Bei einem Duo, in dessen Projektname das Wort „Industrial“ versteckt ist, erfolgt eine solche Auseinandersetzung natürlich nicht diskursiv – obwohl durchaus Lyrics vorhanden sind – sondern primär konfrontativ, Tracktitel und Atmosphäre wollen diejenigen wachrütteln, für die „düsterer Lärm“ noch etwas mehr als bloßes Konsum- und Sammelobjekt ist. „IHSV“ (ausgeschrieben „In Hoc Signo Vinces“, auf deutsch „In diesem Zeichen wirst du siegen“) funktioniert primär lautmalerisch, insofern die Musik fast durchgehend dunkel und martialisch klingt und sakrale Elemente integriert.

Im Opener verschmilzen die metallischen Klänge schweren Geräts mit rituell-repetitiven Sounds, die entfernt an Kirchenglocken erinnern, moderner Materialismus verschwimmt mit sakraler Erhabenheit zu einer unheilvollen Einheit. Monotone Rhythmen – das Echo einer geisterhaften Prozessionen – und Chorsamples, die ganz ähnlich auch in einem Con-Dom-Stück vorkommen könnten, funktionieren nach dem gleichen Muster, vor allem aber zeigen sie, dass der kritisierte Gegenstand durchaus seine beeindruckenden Seiten hat, denen sich auch mancher Gegner nicht entziehen kann. Aber „IHSV“ ist keineswegs eindimensional und lotet unterschiedliche Stimmungslagen aus. Neben xXeNas berührendem Stimmvortrag im zweiten Track halten die Stücke der zweiten Seite die stärksten Momente parat. Auf den Dialog über die Rolle der Geschlechter in „The Word of our God…“ folgt eine fast schon sarkastische Totenklage, bei der Flavios Markenzeichen, die Trompete, seinen Auftritt hat. Das finale Titelstück, eines der wenigen Stücke mit Gesang Flavios, lässt der stets angedeuteten Gewalt endgültig freien Lauf. Hört man Stiefel über eine gefrorene Schneedecke marschieren, bevor alles in einer MG-Salve endet, ist es fast schon etwas zu viel des Guten.

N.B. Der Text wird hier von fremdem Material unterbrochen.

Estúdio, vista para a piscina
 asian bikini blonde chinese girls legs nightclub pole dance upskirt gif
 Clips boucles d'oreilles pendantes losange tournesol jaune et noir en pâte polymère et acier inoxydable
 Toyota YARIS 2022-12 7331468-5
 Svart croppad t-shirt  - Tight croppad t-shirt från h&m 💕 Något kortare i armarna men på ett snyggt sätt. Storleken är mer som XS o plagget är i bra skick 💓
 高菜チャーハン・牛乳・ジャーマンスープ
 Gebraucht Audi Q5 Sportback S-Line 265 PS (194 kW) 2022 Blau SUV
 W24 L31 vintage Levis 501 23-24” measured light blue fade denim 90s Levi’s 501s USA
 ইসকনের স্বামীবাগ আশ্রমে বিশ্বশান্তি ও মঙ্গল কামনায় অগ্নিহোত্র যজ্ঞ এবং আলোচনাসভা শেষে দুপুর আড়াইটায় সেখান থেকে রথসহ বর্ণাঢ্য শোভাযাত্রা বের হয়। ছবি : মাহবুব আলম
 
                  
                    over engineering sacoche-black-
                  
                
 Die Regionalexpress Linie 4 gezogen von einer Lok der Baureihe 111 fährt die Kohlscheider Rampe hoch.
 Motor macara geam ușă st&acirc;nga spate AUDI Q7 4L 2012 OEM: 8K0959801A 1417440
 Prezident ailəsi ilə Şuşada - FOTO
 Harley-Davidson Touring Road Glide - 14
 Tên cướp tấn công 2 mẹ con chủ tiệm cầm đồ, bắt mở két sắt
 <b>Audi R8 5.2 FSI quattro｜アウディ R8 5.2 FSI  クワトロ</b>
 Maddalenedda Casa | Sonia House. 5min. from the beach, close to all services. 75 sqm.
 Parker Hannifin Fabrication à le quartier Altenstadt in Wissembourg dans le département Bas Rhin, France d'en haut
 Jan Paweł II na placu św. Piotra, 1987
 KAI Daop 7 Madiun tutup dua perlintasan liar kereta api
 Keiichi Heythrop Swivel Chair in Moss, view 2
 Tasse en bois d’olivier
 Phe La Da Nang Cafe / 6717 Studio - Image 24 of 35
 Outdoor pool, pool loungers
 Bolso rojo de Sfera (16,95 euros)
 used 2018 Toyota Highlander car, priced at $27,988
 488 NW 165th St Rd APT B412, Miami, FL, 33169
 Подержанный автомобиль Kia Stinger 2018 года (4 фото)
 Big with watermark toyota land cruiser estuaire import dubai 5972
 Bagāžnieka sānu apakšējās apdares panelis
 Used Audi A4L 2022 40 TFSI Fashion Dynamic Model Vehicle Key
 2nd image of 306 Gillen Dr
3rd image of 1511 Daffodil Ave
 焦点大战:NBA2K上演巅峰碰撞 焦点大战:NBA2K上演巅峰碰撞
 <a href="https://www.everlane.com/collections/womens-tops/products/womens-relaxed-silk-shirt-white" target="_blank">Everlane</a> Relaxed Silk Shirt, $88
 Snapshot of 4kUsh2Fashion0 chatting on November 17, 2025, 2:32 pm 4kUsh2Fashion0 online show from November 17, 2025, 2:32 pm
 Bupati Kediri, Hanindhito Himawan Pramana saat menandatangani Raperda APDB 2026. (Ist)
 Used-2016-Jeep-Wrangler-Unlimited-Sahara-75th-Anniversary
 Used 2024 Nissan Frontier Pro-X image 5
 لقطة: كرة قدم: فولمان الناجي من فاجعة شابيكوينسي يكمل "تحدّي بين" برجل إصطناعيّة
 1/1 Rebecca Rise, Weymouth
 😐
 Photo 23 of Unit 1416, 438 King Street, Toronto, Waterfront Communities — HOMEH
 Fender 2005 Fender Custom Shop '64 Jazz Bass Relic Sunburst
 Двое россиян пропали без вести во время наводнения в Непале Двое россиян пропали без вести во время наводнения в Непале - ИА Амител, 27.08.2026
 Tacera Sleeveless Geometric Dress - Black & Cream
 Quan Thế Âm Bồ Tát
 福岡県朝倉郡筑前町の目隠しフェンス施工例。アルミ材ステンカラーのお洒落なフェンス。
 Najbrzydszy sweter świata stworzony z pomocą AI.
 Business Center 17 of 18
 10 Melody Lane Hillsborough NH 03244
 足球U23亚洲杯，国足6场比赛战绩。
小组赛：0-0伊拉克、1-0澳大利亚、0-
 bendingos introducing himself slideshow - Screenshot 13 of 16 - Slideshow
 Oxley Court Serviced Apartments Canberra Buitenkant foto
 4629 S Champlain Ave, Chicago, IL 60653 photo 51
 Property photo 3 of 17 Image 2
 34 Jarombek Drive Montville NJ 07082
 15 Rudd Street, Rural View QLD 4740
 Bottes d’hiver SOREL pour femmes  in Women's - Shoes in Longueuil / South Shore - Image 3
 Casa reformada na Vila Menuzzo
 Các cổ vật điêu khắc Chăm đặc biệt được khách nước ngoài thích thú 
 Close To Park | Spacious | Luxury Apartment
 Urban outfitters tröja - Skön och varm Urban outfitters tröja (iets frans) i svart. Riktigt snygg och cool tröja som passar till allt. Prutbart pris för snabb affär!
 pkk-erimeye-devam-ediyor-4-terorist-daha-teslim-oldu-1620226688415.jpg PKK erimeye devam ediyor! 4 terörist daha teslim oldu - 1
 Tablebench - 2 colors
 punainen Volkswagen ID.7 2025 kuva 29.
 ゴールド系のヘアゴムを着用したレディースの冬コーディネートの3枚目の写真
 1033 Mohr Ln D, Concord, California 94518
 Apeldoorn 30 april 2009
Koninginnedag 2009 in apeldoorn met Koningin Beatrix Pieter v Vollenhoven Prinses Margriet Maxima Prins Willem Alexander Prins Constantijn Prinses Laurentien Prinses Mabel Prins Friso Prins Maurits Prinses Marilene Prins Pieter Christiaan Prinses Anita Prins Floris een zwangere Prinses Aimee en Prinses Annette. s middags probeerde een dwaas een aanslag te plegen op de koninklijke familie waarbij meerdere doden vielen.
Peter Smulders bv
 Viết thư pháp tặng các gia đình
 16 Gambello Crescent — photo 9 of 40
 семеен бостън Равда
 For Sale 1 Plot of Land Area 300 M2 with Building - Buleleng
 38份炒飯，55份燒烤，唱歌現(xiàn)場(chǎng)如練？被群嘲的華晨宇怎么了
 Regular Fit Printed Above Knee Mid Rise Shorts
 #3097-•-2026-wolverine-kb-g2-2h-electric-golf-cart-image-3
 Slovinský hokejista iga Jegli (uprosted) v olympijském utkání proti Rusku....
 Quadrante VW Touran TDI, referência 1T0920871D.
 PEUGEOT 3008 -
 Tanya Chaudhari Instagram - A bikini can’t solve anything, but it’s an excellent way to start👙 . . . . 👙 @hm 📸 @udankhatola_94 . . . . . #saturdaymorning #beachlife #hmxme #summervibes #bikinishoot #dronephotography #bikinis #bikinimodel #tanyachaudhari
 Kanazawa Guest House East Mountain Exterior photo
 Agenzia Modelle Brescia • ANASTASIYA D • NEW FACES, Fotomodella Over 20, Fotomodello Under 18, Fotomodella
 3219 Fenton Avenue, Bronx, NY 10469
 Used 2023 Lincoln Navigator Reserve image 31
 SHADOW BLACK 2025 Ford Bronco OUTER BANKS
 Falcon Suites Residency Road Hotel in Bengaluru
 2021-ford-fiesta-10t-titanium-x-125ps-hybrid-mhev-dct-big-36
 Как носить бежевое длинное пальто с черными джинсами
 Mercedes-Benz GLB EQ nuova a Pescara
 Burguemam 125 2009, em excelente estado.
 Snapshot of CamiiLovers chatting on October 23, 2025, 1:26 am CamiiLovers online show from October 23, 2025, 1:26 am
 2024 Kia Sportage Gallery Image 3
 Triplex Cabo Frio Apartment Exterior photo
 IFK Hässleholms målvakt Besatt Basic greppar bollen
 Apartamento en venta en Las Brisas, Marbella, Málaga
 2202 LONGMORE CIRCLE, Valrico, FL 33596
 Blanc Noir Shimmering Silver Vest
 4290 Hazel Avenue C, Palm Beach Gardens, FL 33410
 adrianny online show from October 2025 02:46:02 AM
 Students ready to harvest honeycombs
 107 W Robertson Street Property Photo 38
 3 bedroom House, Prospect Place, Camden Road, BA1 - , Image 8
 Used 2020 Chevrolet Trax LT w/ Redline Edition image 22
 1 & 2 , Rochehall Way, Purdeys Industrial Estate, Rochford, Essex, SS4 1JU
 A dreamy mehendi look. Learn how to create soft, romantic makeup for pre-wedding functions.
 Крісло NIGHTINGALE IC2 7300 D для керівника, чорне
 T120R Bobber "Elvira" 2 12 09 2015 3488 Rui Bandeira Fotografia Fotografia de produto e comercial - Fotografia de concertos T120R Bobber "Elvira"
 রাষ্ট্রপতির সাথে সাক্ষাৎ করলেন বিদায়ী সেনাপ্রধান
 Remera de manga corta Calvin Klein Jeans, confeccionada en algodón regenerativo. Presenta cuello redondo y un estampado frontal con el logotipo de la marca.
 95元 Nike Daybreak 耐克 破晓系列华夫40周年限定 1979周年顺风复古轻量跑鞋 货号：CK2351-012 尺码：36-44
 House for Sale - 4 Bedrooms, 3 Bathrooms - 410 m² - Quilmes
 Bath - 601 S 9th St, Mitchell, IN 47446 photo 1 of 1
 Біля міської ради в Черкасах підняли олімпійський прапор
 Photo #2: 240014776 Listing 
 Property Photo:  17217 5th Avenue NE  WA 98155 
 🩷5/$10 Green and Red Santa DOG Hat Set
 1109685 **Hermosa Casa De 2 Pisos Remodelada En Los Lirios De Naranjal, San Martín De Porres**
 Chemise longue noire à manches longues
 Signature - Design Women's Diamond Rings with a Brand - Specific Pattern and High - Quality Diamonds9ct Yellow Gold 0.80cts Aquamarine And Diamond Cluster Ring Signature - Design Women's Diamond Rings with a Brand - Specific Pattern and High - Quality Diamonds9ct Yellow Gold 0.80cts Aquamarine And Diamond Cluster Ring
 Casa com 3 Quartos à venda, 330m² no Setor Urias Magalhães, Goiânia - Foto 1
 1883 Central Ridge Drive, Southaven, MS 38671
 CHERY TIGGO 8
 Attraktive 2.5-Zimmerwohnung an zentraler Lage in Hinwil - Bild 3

Ein Konzeptalbum zum Thema Religion und Krieg impliziert schon in der Themenwahl eine gewisse Wertung, da viele Glaubenssysteme sich als Religionen des Friedens betrachten. Dennoch kommuniziert „IHSV“ weitgehend über Andeutungen und lässt vieles offen, so dass eigenen Assoziationen keine allzu engen Grenzen gesetzt sind. Tatsächlich ist die Frage, wie stark religiös verschiedene Kriege motiviert sind, wie sehr religiöses Sendungsbewusstsein gegenüber beispielsweise wirtschaftlichen Beweggründen ins Gewicht fällt, selten pauschal zu beantworten. Freilich gab und gibt es stets Gläubige und Skeptiker, die das eindeutiger sehen wollen.

Für religiös motivierte Kriege sind die Kreuzzüge sprichwörtlich geworden, und der vieldiskutierte Begriff des Djihad wird neben anderen Bedeutungen eben auch ganz buchstäblich für Krieg verwendet. In vielen Kriegsfällen spielt die Religion aber eine Rolle unter anderen. Bei den kolonialen Eroberungen in der Neuen Welt lieferte die Religion den Legitimationsgrund, die eigentlichen Gründe waren jedoch ökonomischer und demographischer Natur. Bei den Eroberungen der muslimischen Umayyaden stiftete die Religion primär Zusammenhalt, die zentralen Gründe lagen aber im Aus- und Aufbau eines lukrativen Handelsnetzes. Die andere Variante, bei der Kriege weniger religiös anmuten, als sie sind, gibt in der neueren Geschichte stets Anlass zur Diskussion. Wurden die verheerendsten Kriege der Geschichte nicht gerade von weltlichen Herrschaftssystemen geführt? Sicher, aber die Frage ist tückisch, sobald man die Spuren religiöser Weltanschauung einbezieht, die in säkularisierter und zugleich ideologisierter Form weiterleben, ganz abgesehen davon, dass der Kapitalismus und seine (linken wie rechten) Nebenwirkungen ohnehin Züge quasi-religiöser Heilslehren aufweisen. In den Weltordnungskriegen der letzten Jahrzehnte saß auch immer der frömmelnde Puritaner mit am Steuer, um mit Büchse und Bibel zu missionieren. Gerade solch indirekte Zusammenhänge lassen das Thema, das auf den ersten Blick wie ein alter Hut wirken mag, immer noch interessant erscheinen.

An der Stelle schließt sich dann auch der Kreis zum Voltaire-Zitat. Doch nun genug zum Fass ohne Boden. Ariannas und Flavios Auseinadersetzung speißt sich in erster Linie aus Wut und der Lust am Einreißen vorgeblich schöner Fassaden. So etwas macht nach wie vor Spaß, alles andere ist Sache des interessierten Hörers. (U.S.)